I tell all my bee buyers to paint the box and keep it to use for requeening later on or to make up a nuc if they get into that at some point in the future. They can also use it as a frame holder during hive inspections. Or, they could resell it, or do a box exchange the next time they buy a nuc from me, in which case I would discount their new nuc.

I make a separate bottom board and top and then use plastic strapping to hold the whole thing together for transport.
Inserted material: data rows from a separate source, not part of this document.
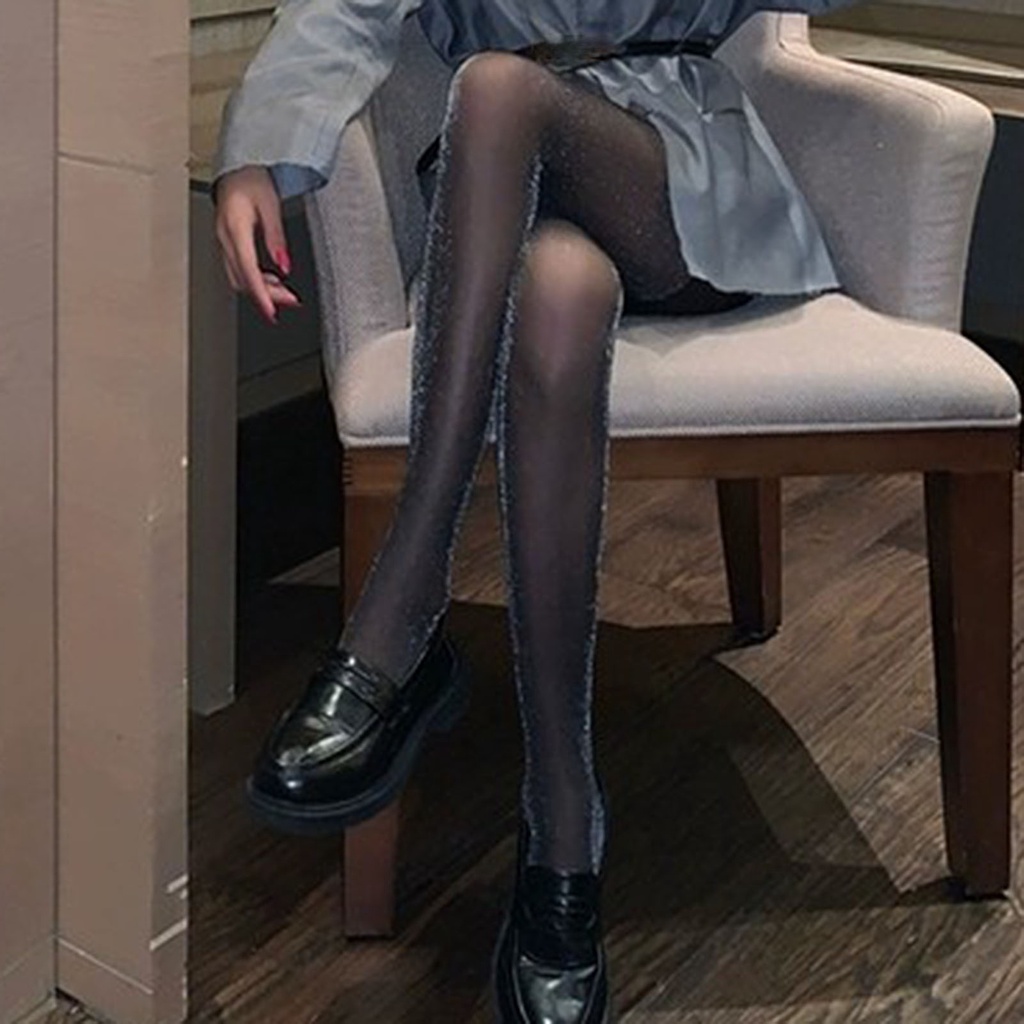 [BL]  Quần tất mỏng lấp lánh thời trang cho nữ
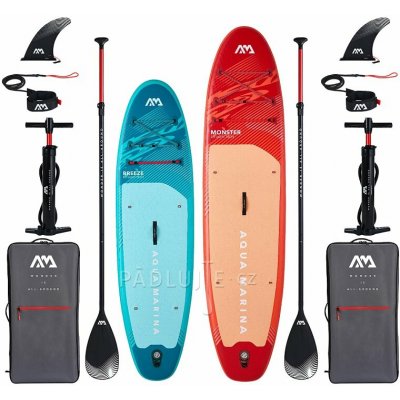Paddleboard AQUA MARINA BREEZE Silver tree MONSTER 12'0 Sky Glider – Zbozi.Blesk.cz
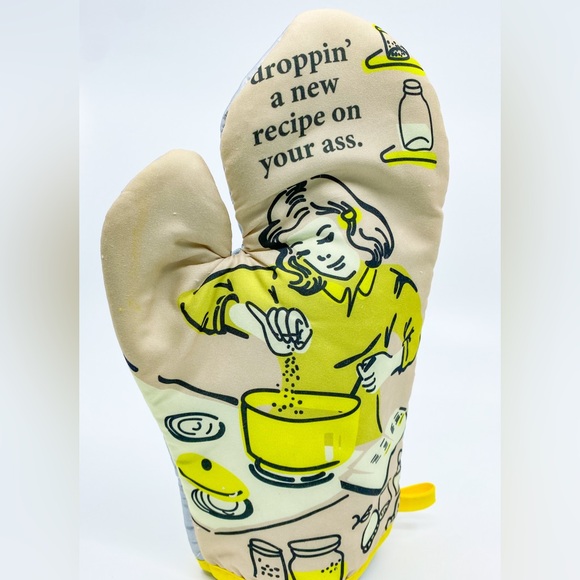 “Droppin A New Recipe” 2-Piece Cotton Oven Mitt/ Pot Holder Set - New In Package - Picture 6 of 9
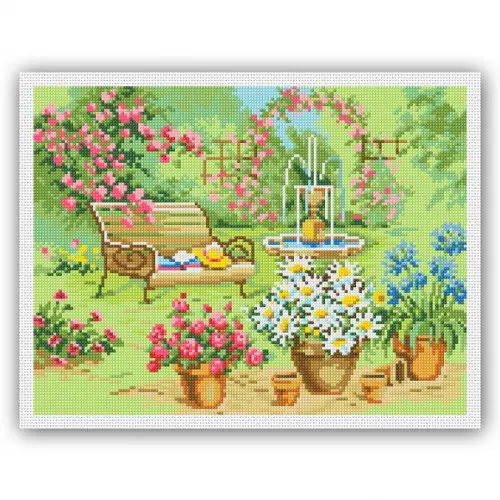Meu Jardim - Gráfico Ponto Cruz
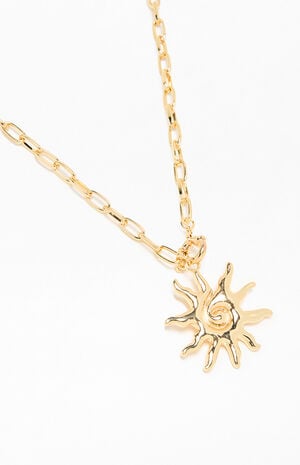 Sun Chain Pendant Necklace image number 2
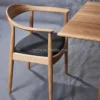 Modern Classic dinning chair leather seat solid wooden chair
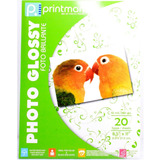Printman Photo Glossy 8x11  20h 260g/m Inyección De Tinta 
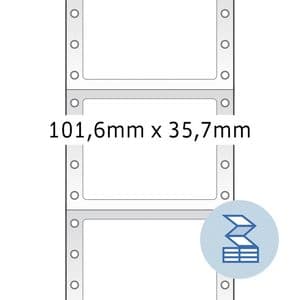 Picture 2 of Etiket HERMA 8212 101.6x35.7mm 1-baans wit 4000 stuks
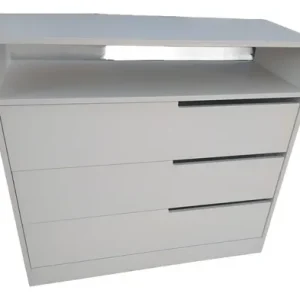 Comoda Chiffoniers 3 Cajones. Estante. Laqueado- Gala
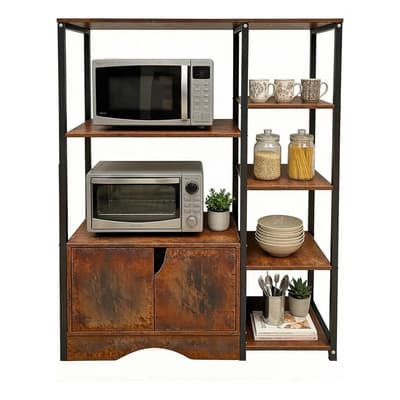 Mueble Organizador Cocina Gabinete, Estante Repisa 90*34*112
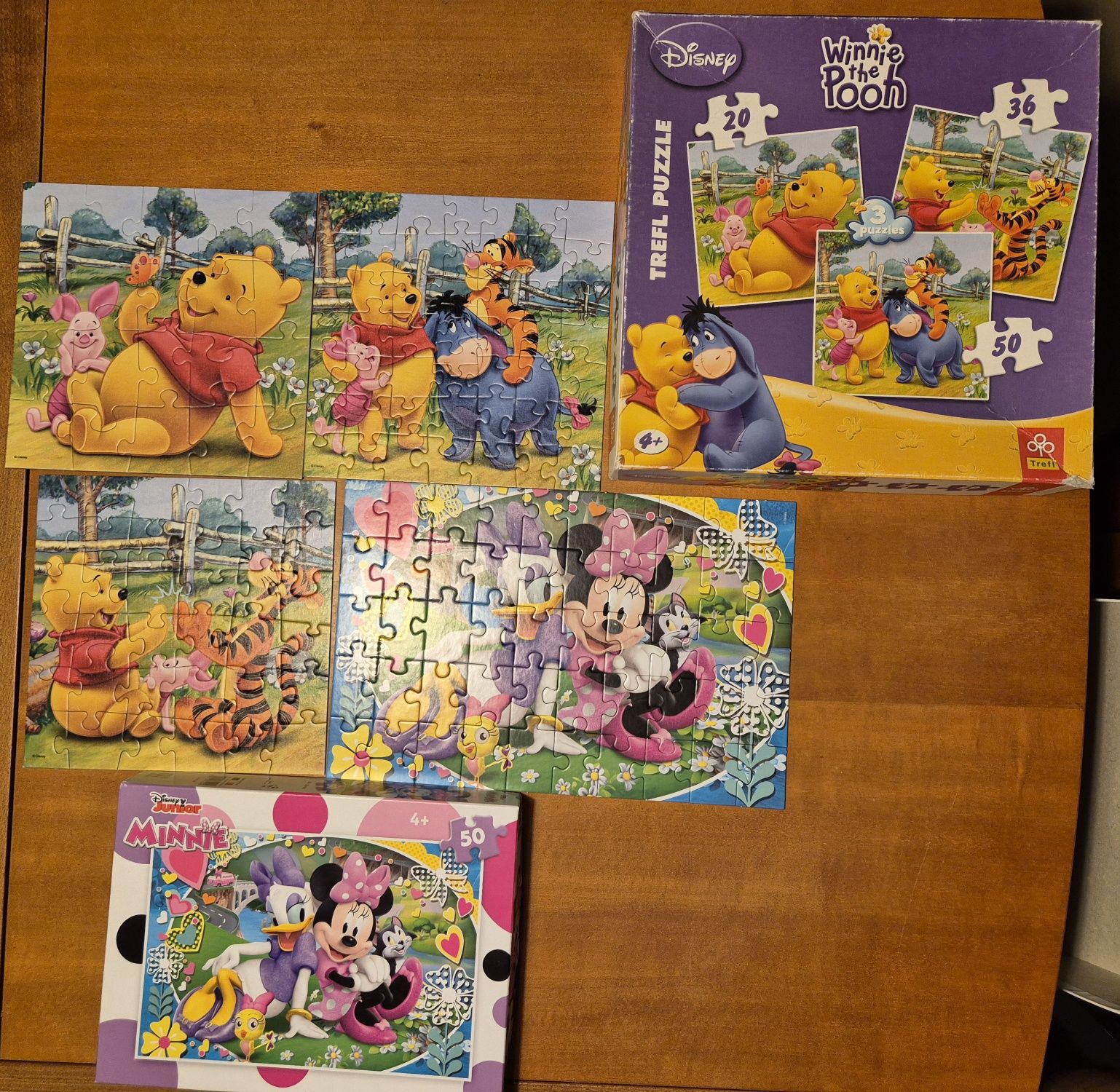 11 sztuk Puzzli plus Gra Na Jagody plus Karty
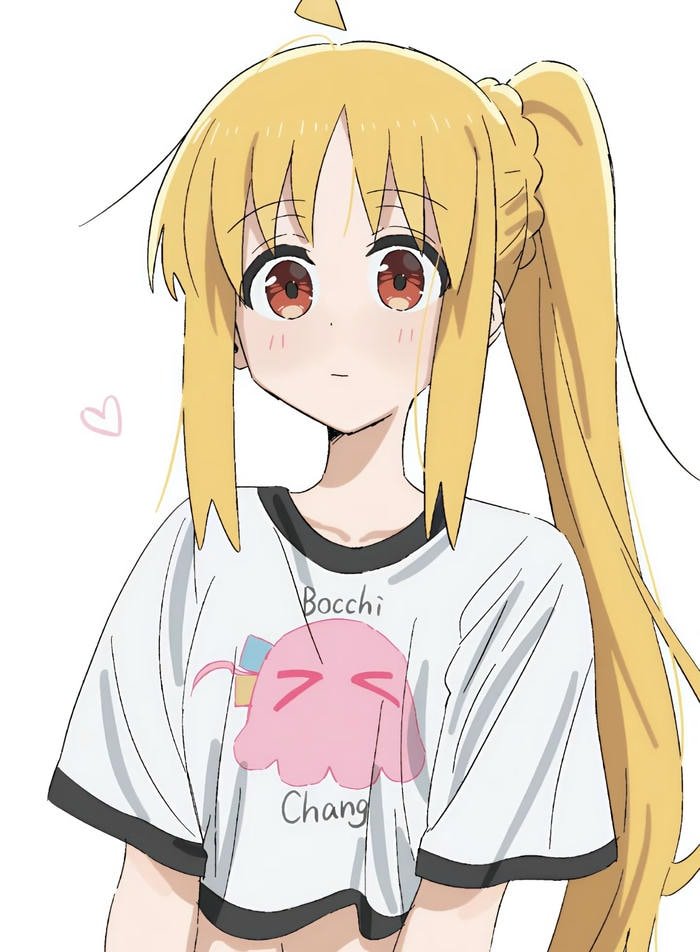 Bức hình tóc vàng anime sáng tạo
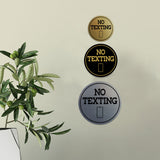 Signs ByLITA Circle No texting (Cellphone) Wall or Door Sign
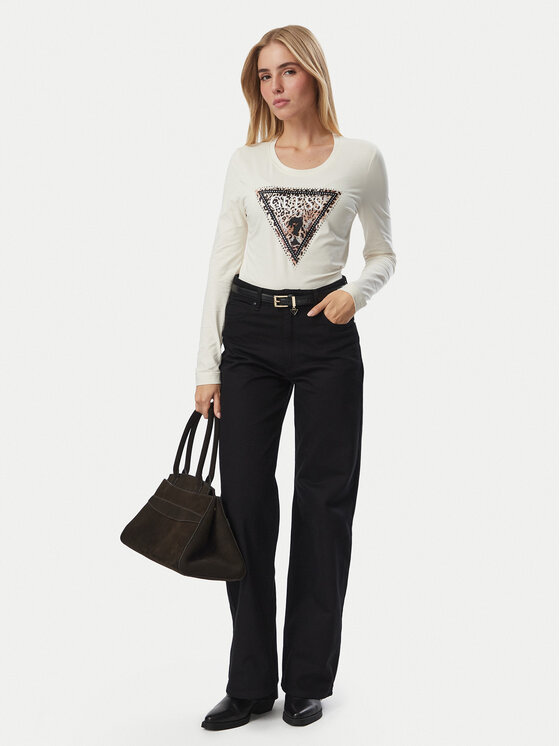 Guess Guess Дънки W6BA1A D2578 Черен Wide Leg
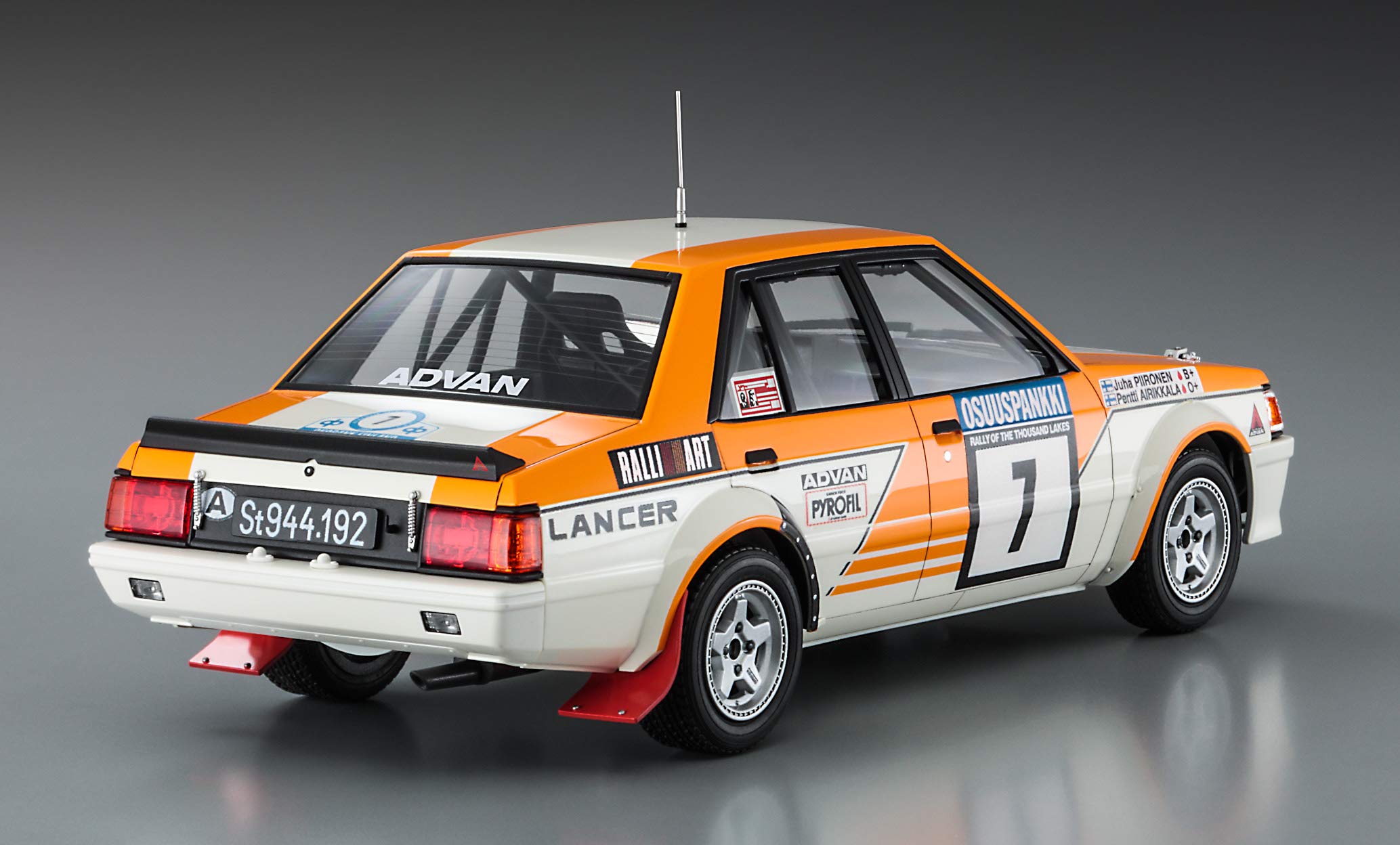 HASEGAWA 1/24 Mitsubishi Lancer Ex 2000 Turbo 1982 1000 Lakes Rally Plastic Model- Japan Figure Store - #1 Bring To You The Best Japanese Goods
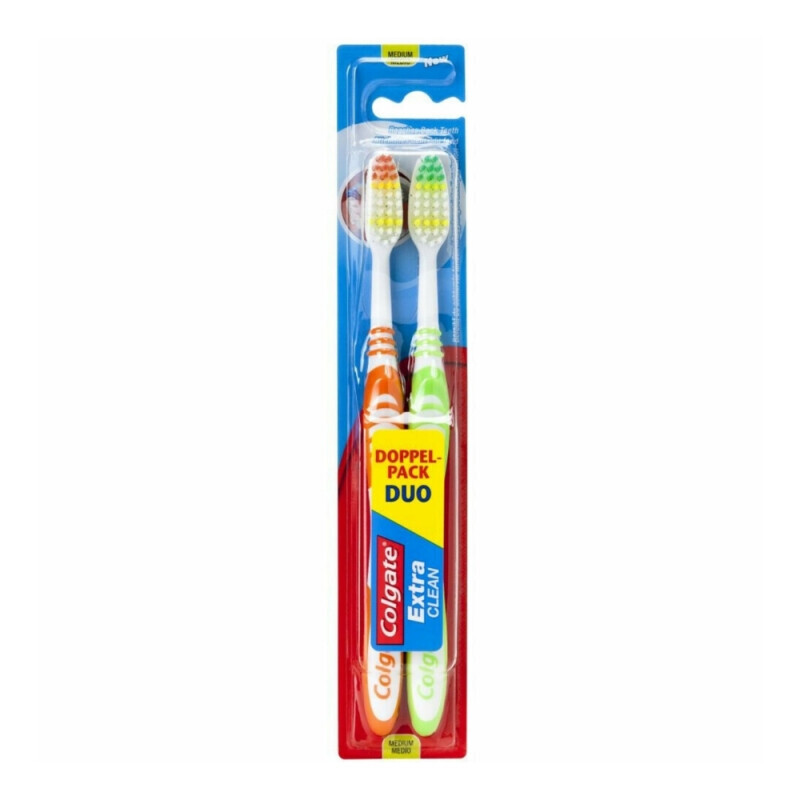 Colgate Zubní kartáček Extra Clean 2ks Medium N (12/krt)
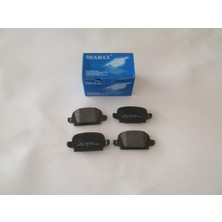 Bzt Opel Corsa- C- 04/06; Arka Fren Balatası 1,4cc (DISK)(95,5X43,9X13,8)(BRAMAX) 93176117
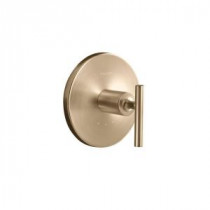 Purist 1-Handle Thermostatic Valve Trim Kit with Lever Handle in Vibrant Brushed Bronze (Valve Not Included)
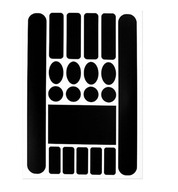 Osłona rany pod łańcuch, naklejka, folia czarna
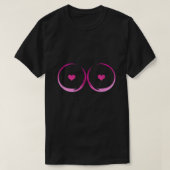 Brustkrebs-Bewusstsein Gerettet Tatas T-Shirt (Design vorne)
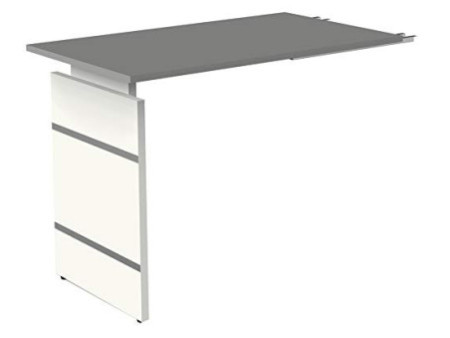 kerkmann Bureau avec piètement panneau Form 4, (L)1.800 mm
eta: I scrounge a lot of wood and lumber, so my material cost is negligible. Mostly my labor, and for the time it takes to build a nuc box I am probably saving $$$ when compared to buying the commercial boxes.


----------



## AstroZomBEE (Aug 1, 2006)

I fell into that mann lake trap as well last year, and unluckily still have a bunch to use up. However i have designed my own out of 7/16" OSB plywood, Better ventilation and they stack up better on a semi. They are semi disposable. If you paint them and take care of them will get a couple seasons out of them, or if you let them unprotected in the rain too long they will disintegrate on their own.

Aaron


----------



## Vance G (Jan 6, 2011)

The Kester plastic nuc boxes are excellent


----------



## ChuckReburn (Dec 17, 2013)

Vance G said:


> The Kester plastic nuc boxes are excellent


*Jester. But yes, agreed.


----------



## ron manos (Aug 24, 2016)

http://www.jesterbee.com/EZ-Nuc.html


----------



## Michael Palmer (Dec 29, 2006)

I've been using the waxed cardboard nuc boxes from Brushy Mountain. Easy to assemble and cheaper than the others. I do tape the bottom flap closed and tie on a piece of twine to insure the cover doesn't come off.


----------



## Sunday Farmer (Nov 13, 2013)

AstroZomBEE said:


> I fell into that mann lake trap as well last year, and unluckily still have a bunch to use up. However i have designed my own out of 7/16" OSB plywood, Better ventilation and they stack up better on a semi. They are semi disposable. If you paint them and take care of them will get a couple seasons out of them, or if you let them unprotected in the rain too long they will disintegrate on their own.
> 
> Aaron


Same here. And with medium nucs, almost no waste if you make a rip the long way first. I cut 4 sheets at a time with a skill saw and rip guide, then finish trim on table saw. Eastern white pine but cut ends. With identical bottom and top covers, less than $3. Short day cutting everything. Nail together a couple hundred the next day.


----------



## camero7 (Sep 21, 2009)

I use the Jester nucs. They assemble a little hard but don't leak bees and are very sturdy and reusable. Only issue I have is that the holes in the walls accumulate water so when you dump the bees out into a hive there is lots of water coming out too.


----------



## Branman (Aug 20, 2003)

camero7 said:


> I use the Jester nucs. They assemble a little hard but don't leak bees and are very sturdy and reusable. Only issue I have is that the holes in the walls accumulate water so when you dump the bees out into a hive there is lots of water coming out too.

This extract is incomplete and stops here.